La narrazione non si limita a trasmettere conoscenze, ma rafforza anche i legami sociali. Le storie contribuiscono alla coesione del gruppo, favorendo la cooperazione e il senso di appartenenza. Un esempio emblematico di questa funzione viene dalle popolazioni aborigene australiane, che per oltre 75.000 anni hanno utilizzato i miti per tramandare informazioni vitali per la sopravvivenza. Questo accumulo progressivo di cultura è stato un vantaggio evolutivo, permettendo agli esseri umani di adattarsi a nuovi ambienti e di superare sfide complesse. Tuttavia, la narrazione non è solo un fattore di progresso. Le stesse strutture narrative che rafforzano la coesione sociale possono essere manipolate per diffondere disinformazione. Le fake news e le teorie del complotto si basano su storie persuasive, costruite con protagonisti eroici, antagonisti malvagi e conflitti emozionali. Questa semplicità narrativa, combinata con la nostra naturale predisposizione a comprendere il mondo in termini di causa ed effetto, rende difficile resistere a narrazioni ingannevoli.
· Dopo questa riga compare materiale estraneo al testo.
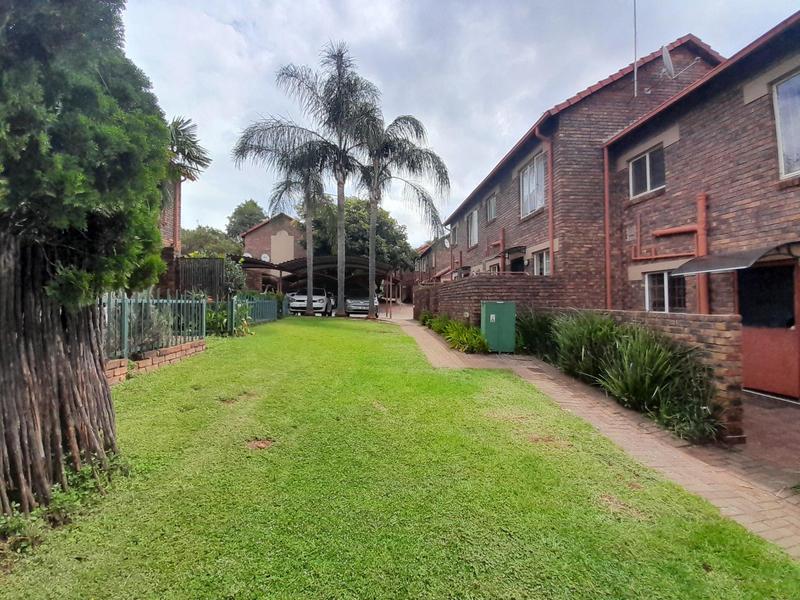 2 Bedroom Property for Sale in Hennopspark Gauteng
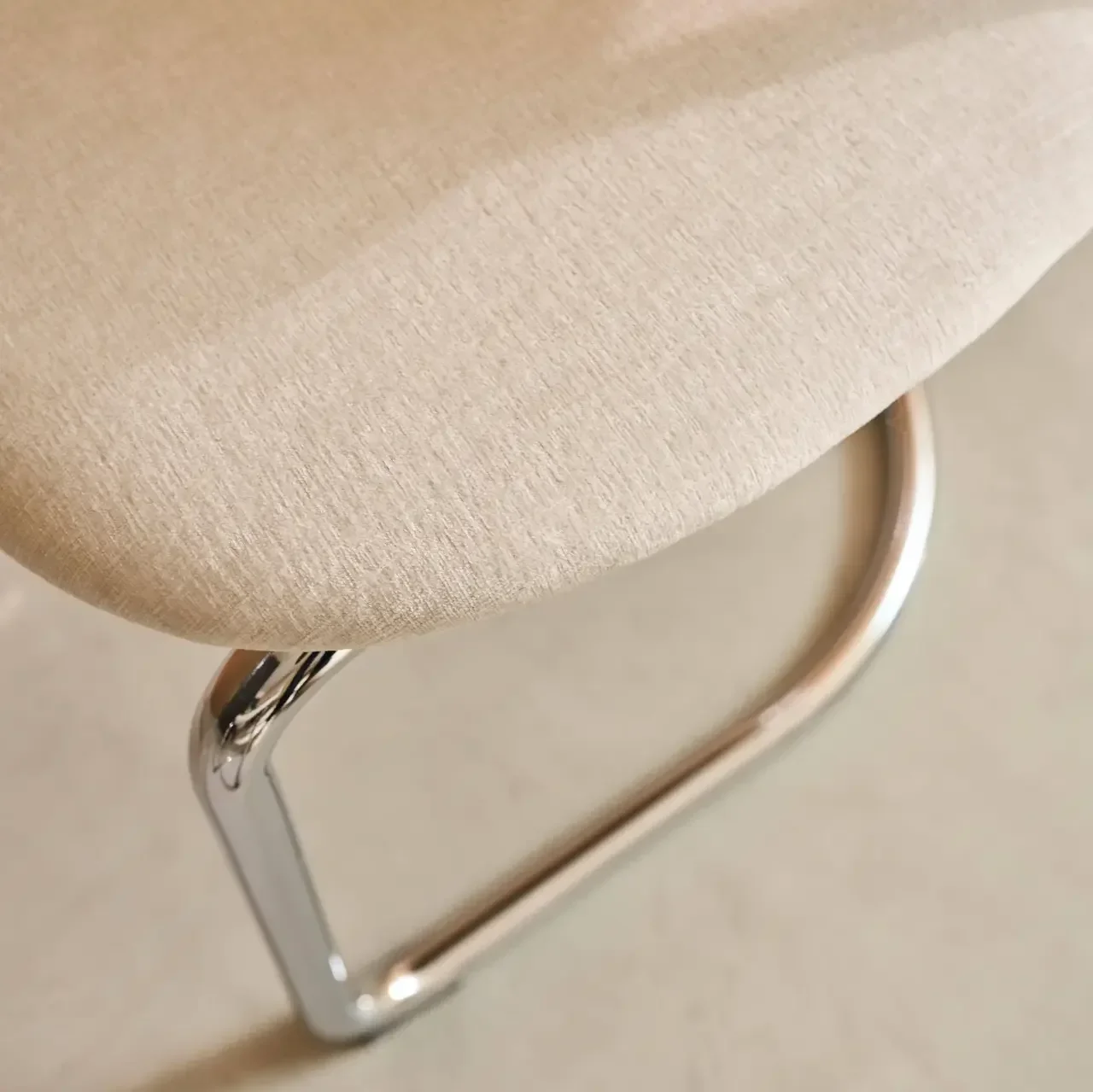 Chaises design cantilever métal chenille beige pieds chromés lot de 2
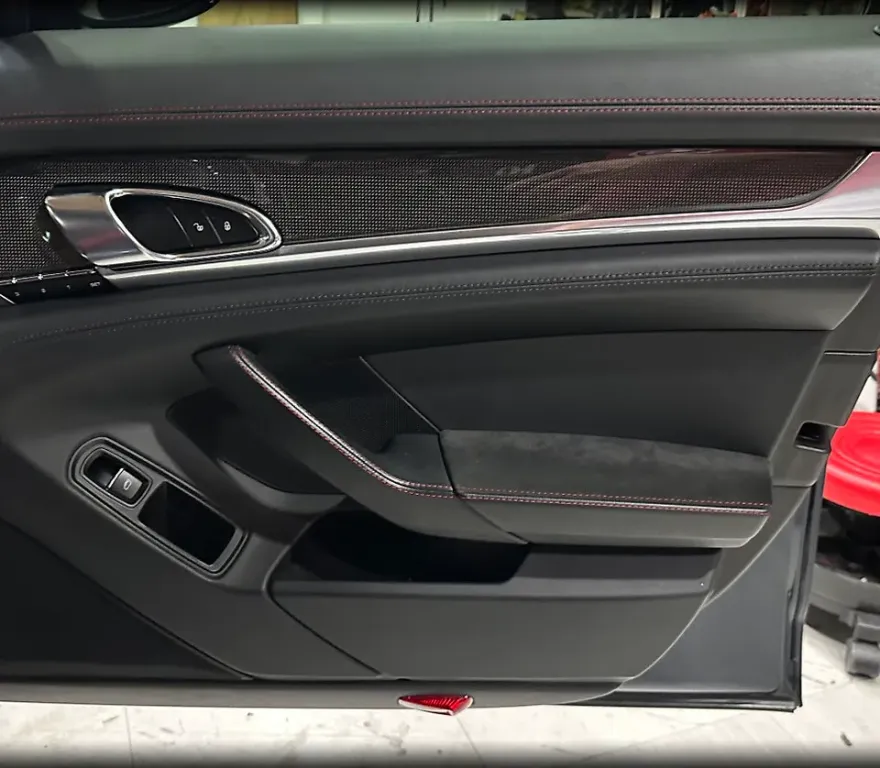 Porsche Panamera 970 ambient lighting - Porsche Panamera 970 Ambient Lighting Review — Cost & Results photo 3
Nonostante il nostro DNA sia rimasto quasi immutato per decine di migliaia di anni, la cultura ha profondamente modificato il nostro cervello, rendendolo plastico e capace di adattarsi. Un esempio è lo sviluppo della capacità di leggere e scrivere: una funzione che non esisteva 5.000 anni fa e per la quale il cervello ha creato nuovi circuiti. Questo dimostra come il nostro cervello possa evolversi per affrontare nuove sfide culturali, come la disinformazione. L’obiettivo non è abbandonare il gusto per le storie, ma diventare più consapevoli delle loro strutture e dei meccanismi di manipolazione. Educare il pubblico a un pensiero critico e a riconoscere le tecniche narrative ingannevoli è fondamentale per affrontare le sfide della società moderna.
Il principio del tarassaco
Lulu Miller conclude la sua ricerca sul segreto ultimo dell’esistenza con il principio del tarassaco. Il tarassaco è un’erbaccia o un’erba medica a seconda del contesto in cui lo si usa. Parimenti, noi siamo briciole soggiogate dal Caos ma, da una prospettiva relativista, siamo importanti per le persone con cui condividiamo i nostri giorni, dalle quali attingiamo e alle quali lasciamo una parte di noi. Il principio del tarassaco è un kit per vivere appieno e serenamente, un invito a smettere di vedere in bianco e nero, nella consapevolezza che abbracciare ogni sfumatura è l’unico vero balsamo per l’anima.